No, the assumption is different. You would not use the LRE/PDF/whatever
in the URI itself. The main reason is that there are places where escaped
characters can't go, e.g. before the 'http:' (see example below).
The various special characters may be used when displaying the URI
in a reasonable way, i.e. making sure that the syntactically relevant
characters stay at the right place rather than being thrown around.
But they are just one potential way of implementing the display of
these URIs.



>2-- Then convert it into UTF-8.
>
>3-- Then escape any escapable octet. This would give the following:
>
>%E2%80%AAhttp%E2%80%8E:E2%80%8E/%E2%80%8E/www%E2%80%8E.%D8%A7%D9%84%D8%A3%D 
>9%85%D8%A7%D9%86%E2%80%8E.com%E2%80%AC
>
>Is this a correct example of implementing an Internationalized URI with 
>bidi text? Or I've got something wrong in the process?

Here you see easily that it won't work, because no existing software
can identify this as a http URI.

The correct URI would be

http://www.%D8%A7%D9%84%D8%A3%D9%85%D8%A7%D9%86.com
(assuming the Arabic word was in logical order). URIs as such
are in logical order, and don't allow any special bidi characters
because that would lead to ambiguities (there are several ways
to get the same reordering behaviour).


>In addition, in an XML document, as per section 4.2.2 of the specs, is it 
>correct that I should use this last form directly in the document, and not 
>rely on the XML processor to do the transformation?

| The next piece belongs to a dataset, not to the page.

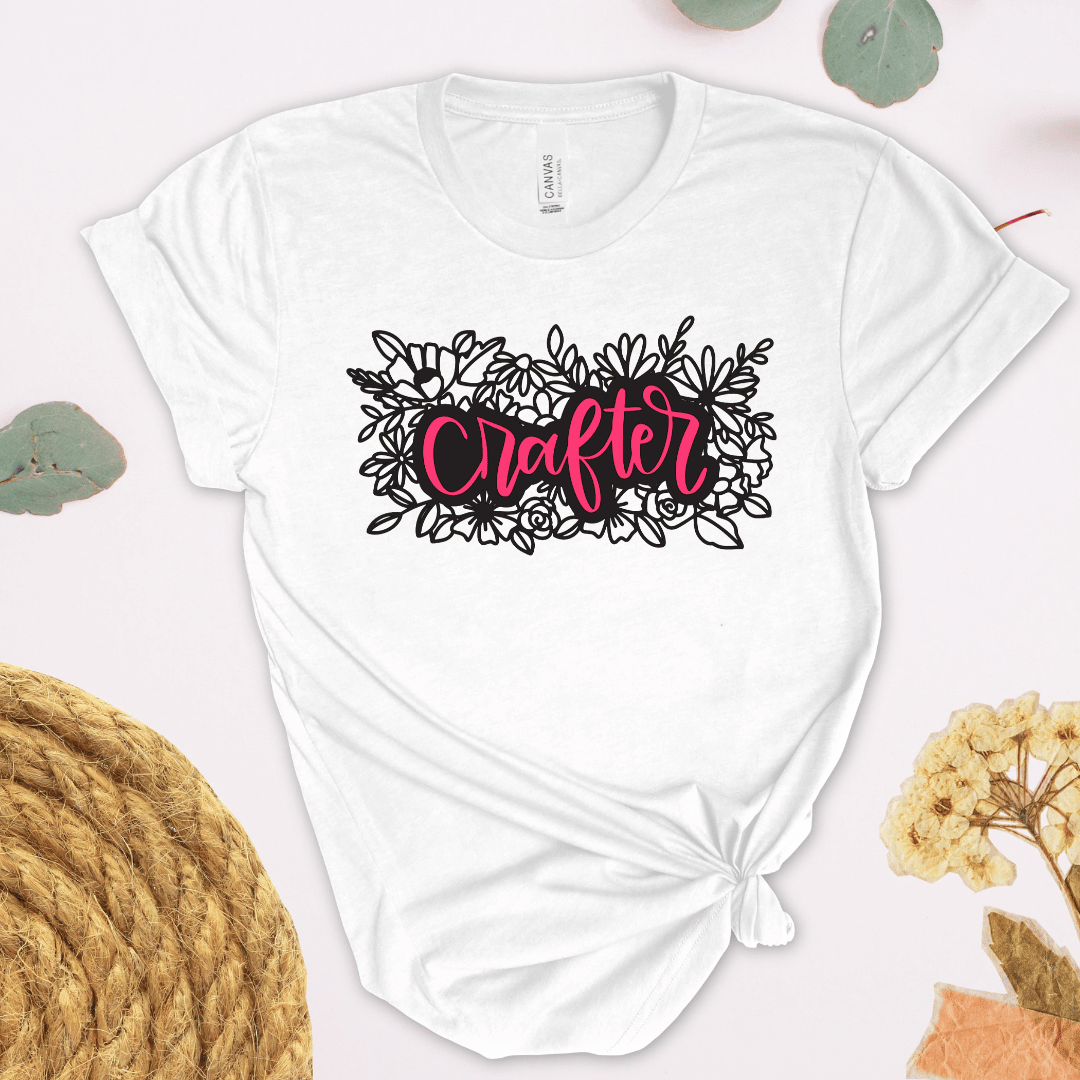 Crafter floral t-shirt in white with pink hand-lettered script and black floral illustration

The original XML spec says
(http://www.w3.org/TR/1998/REC-xml-19980210#sec-external-ent):

 >>>>
An XML processor should handle a non-ASCII character in a URI by
representing the character in UTF-8 as one or more bytes, and then
escaping these bytes with the URI escaping mechanism (i.e., by
converting each byte to %HH, where HH is the hexadecimal notation
of the byte value).
<<<<

This says that the XML processor should do this for you, and therefore
it should be okay for you to put in the original characters. But there
are three problems here:

- It says 'should', not must.
- It's not clear whether it applies to all URIs, or just to the URIs
   used in System Identifiers, and in the former case, it's not
   clear how an XML processor would find all URIs in a document
   (without e.g. Schema information).
- The text in the second edition of XML
   (http://www.w3.org/TR/REC-xml#sec-external-ent) is much clearer about
   how the conversion has to take place; unfortunately, it doesn't make
   clear who should do this conversion (the original document producer
   or the XML processor). The idea was not to change this for the second
   edition, but somehow it got lost. I'm following up on this.

So the current answer is, unfortunately:

You should be able to rely on the XML processor, but for the moment,
it might be safer to do the transformation yourself.



Regards,   Martin.
Received on Monday, 16 October 2000 02:43:30 UTC